- [Task description] Copy the data exactly as it appears, and do not include any pictures.

- [Data segment]
⁂
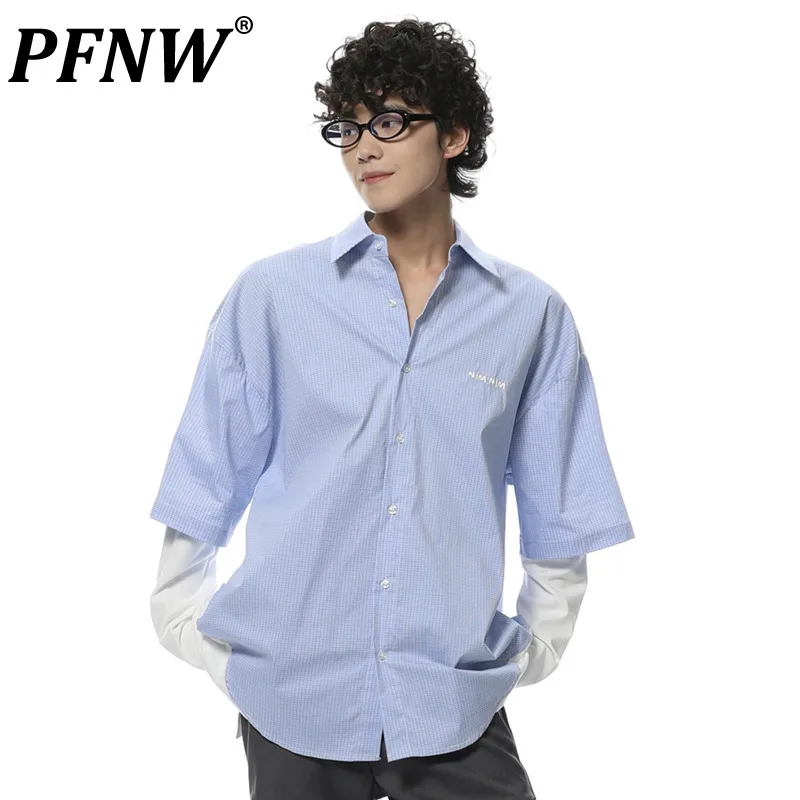 

Мужская рубашка в клетку PFNW, винтажная тонкая Солнцезащитная рубашка с отложным воротником и длинными рукавами, модель 28W3917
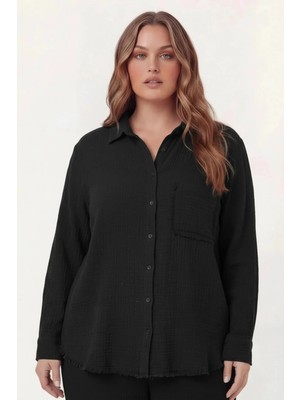 Rmg Müslin Kumaş Büyük Beden Gömlek Siyah
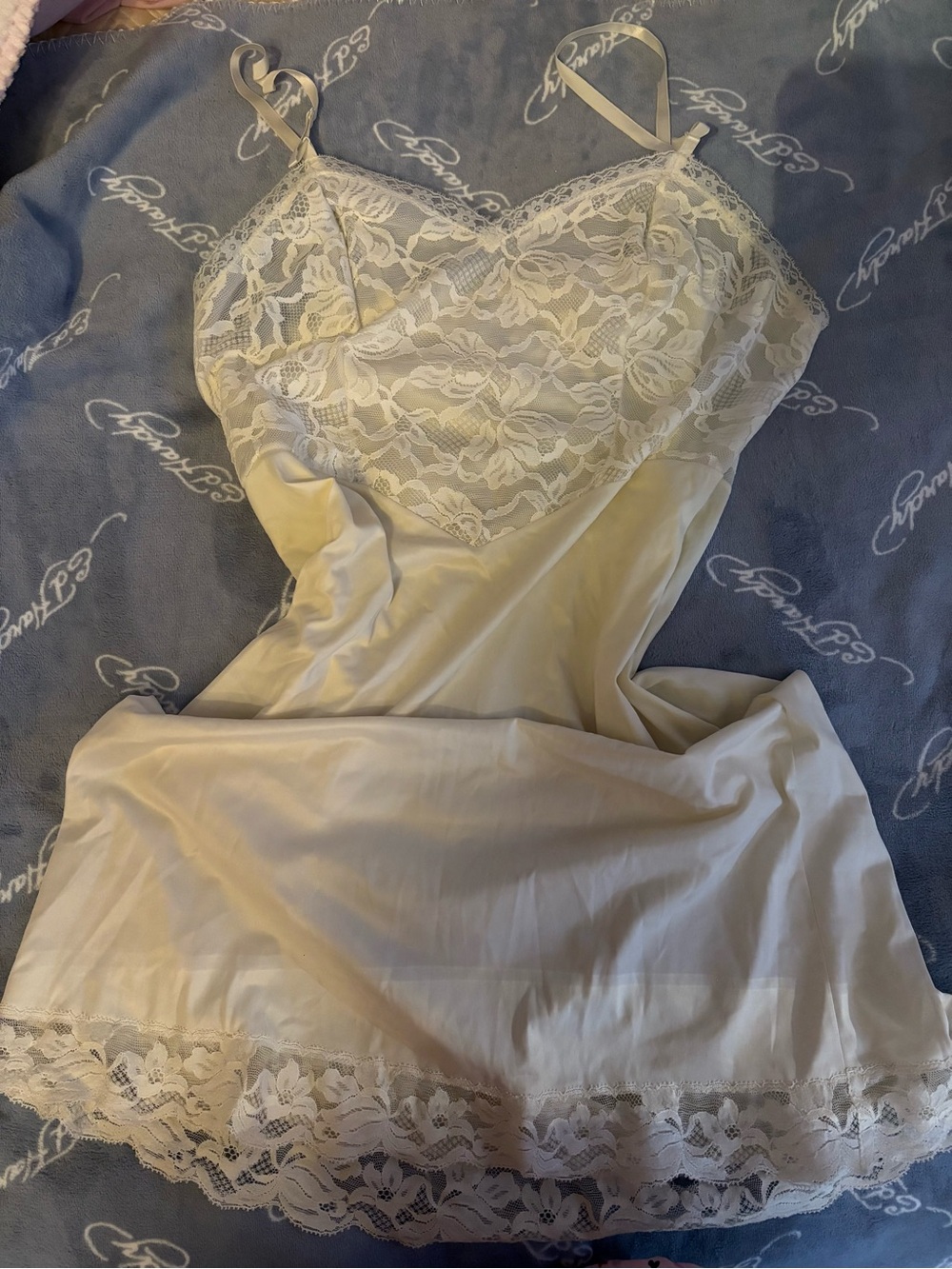 Vintage Lace Trim Slip Dress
⁂
- [Result of this exercise]
Мужская рубашка в клетку PFNW, винтажная тонкая Солнцезащитная рубашка с отложным воротником и длинными рукавами, модель 28W3917
 Rmg Müslin Kumaş Büyük Beden Gömlek Siyah
 Vintage Lace Trim Slip Dress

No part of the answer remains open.